Collected material:
=== Begin Enclosure ===
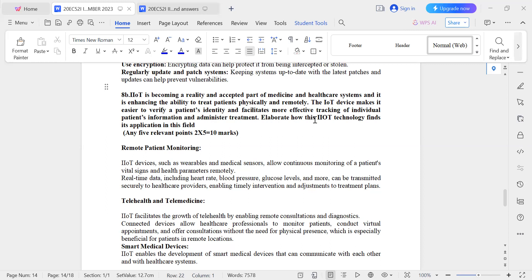You can write the answer for this question in different ways. It is a very generalized question and is just one use case of the healthcare system.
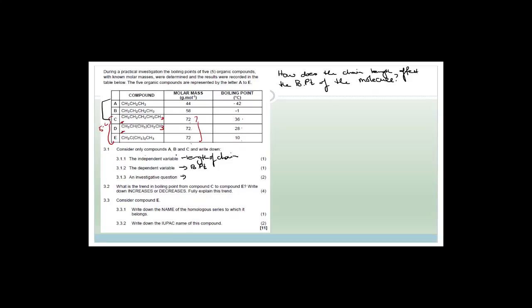For the investigative question, you need two variables related to each other — the independent variable and the dependent variable — and you must ask a question with a question mark at the end. It's an investigative question, not a statement. Many students just make a statement when it's supposed to be a question.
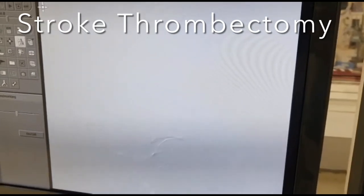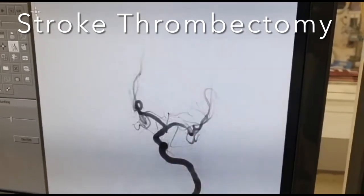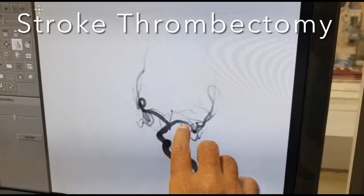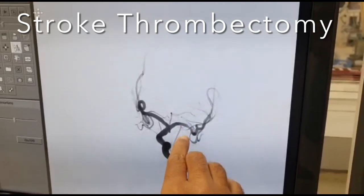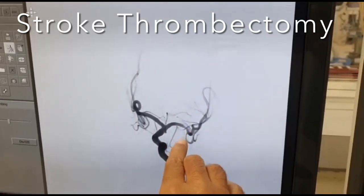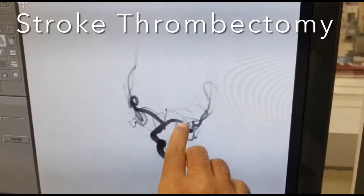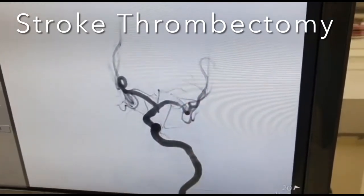Check angio after that shows that the vessel has opened significantly. You can see that there is minimal narrowing here. This is the lower division — there is minimal spasm of the lower division. The upper division is significantly okay.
=== End Enclosure ===
What the exercise asks:
Only the lines from the one with "For the investigative" through the final line of the data should be written out, exactly and including both ends. Skip the pictures.

Answer box:
For the investigative question, you need two variables related to each other — the independent variable and the dependent variable — and you must ask a question with a question mark at the end. It's an investigative question, not a statement. Many students just make a statement when it's supposed to be a question.
Check angio after that shows that the vessel has opened significantly. You can see that there is minimal narrowing here. This is the lower division — there is minimal spasm of the lower division. The upper division is significantly okay.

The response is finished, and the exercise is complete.